Adaptation in the ocean: why does it matter for conservation?

Understanding how populations adapt to their local environment is a central question in conservation biology. Populations that have evolved in response to specific environmental conditions such as high temperature or salinity may harbour unique genetic variation that allows them to persist under those conditions. As environments change, whether through climate change, pollution, or habitat modification, the capacity of populations to adapt becomes critical to their long-term survival.

Identifying loci under natural selection allows us to:

  • Identify environmental gradients imposing selection
  • Characterise the genetic basis of local adaptation
  • Delineate adaptive units that may need consideration in management plans
  • Predict which populations are most vulnerable to environmental change
  • Prioritise populations for conservation interventions

Genotype-Environment Association (GEA) analysis

GEA approaches test for statistical associations between population allele frequencies (or individual genotypes) and environmental variables across sampling locations. The underlying logic is simple: if a locus is under selection by a particular environmental variable, we expect allele frequencies at that locus to co-vary with that variable across the landscape.

A key challenge is that genetic differentiation driven by neutral processes (drift, isolation by distance) also creates correlations between allele frequencies and geography. Because many environmental variables are themselves spatially structured, neutral genetic structure can generate spurious GEA signals. Accounting for this confounding is an essential part of GEA analyses and interpretation.


Why Redundancy Analysis (RDA) for GEA?

Redundancy Analysis (RDA) is a multivariate constrained ordination method that models the relationship between a matrix of response variables (e.g. SNP allele counts/frequencies) and a matrix of explanatory variables (environmental predictors). Conceptually, it’s multivariate multiple regression + ordination: it first fits allele-frequency variation as a function of environment, then summarizes the fitted (environment-explained) genetic variation into a small number of canonical axes that represent combinations of environmental variables.

Compared to univariate GEA methods, RDA offers several advantages:

  • Tests all SNPs and all environmental variables simultaneously
  • Detects SNPs responding to combinations of environmental variables (multilocus, multivariate signals)
  • Can condition out confounding variation (e.g. population structure) via partial RDA
  • Uses well-established permutation-based significance tests
  • Produces interpretable ordination plots linking loci, individuals, and predictors

In a partial RDA, we include a representation of neutral structure as conditioning variables (using Condition() in the vegan formula interface). This effectively removes variance attributable to neutral population structure before testing for environment–genotype associations, helping reduce confounding when structure and environment are spatially correlated.
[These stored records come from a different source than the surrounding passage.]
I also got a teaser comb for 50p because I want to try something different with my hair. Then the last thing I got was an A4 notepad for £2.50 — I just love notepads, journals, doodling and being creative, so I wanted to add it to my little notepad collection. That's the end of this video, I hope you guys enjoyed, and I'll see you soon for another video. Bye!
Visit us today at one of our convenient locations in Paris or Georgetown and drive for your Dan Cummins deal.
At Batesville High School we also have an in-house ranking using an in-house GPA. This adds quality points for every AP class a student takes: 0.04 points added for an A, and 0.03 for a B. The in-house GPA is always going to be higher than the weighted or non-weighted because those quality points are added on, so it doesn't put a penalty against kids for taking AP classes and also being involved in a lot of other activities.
RDA compared to other common GEA approaches

Univariate association tests (e.g. GLM; LFMM; Bayenv2)

Strengths:

  • Can have good power in some settings.
  • Flexible per-locus inference.
  • Familiar/intuitive outputs (p-values/q-values).

Weaknesses:

  • Can exhibit relatively high false-positive rates under strong isolation-by-distance/hierarchical population structure.
  • Evaluating each SNP against one environmental predictor at a time implicitly treats predictors as independent drivers of selection.
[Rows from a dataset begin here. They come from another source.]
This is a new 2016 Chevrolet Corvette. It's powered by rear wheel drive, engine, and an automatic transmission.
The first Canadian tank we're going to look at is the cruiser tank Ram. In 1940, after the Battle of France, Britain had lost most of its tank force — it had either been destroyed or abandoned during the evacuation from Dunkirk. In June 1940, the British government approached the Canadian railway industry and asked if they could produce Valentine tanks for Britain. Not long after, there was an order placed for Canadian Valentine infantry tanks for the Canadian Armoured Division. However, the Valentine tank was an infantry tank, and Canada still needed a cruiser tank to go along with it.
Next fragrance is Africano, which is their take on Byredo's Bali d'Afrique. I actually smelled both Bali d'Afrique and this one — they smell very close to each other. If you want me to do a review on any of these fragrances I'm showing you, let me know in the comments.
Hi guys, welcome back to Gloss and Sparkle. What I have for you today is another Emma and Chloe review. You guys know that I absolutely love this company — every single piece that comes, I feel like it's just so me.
Constrained ordination-based multivariate methods (e.g. CCA, RDA/dbRDA)

Strengths:

  • Constrained ordinations strike a good balance of high detection + low false-positive rates, even under strong IBD/structure.
  • Because the axes are explicitly built from environmental predictors, they are ordered to represent the strongest environment-associated genetic gradients, making adaptive signals easier to isolate and interpret.

Weaknesses:

  • If neutral structure is correlated with environment, constrained ordinations can still flag spurious associations unless you condition on structure (partial RDA) or otherwise account for it.
  • RDA captures linear genotype–environment relationships; strongly nonlinear responses may be missed or require transformations/splines or alternative methods.
  • Highly correlated predictors can make coefficients/loadings harder to interpret; results depend on appropriate standardisation and careful predictor selection.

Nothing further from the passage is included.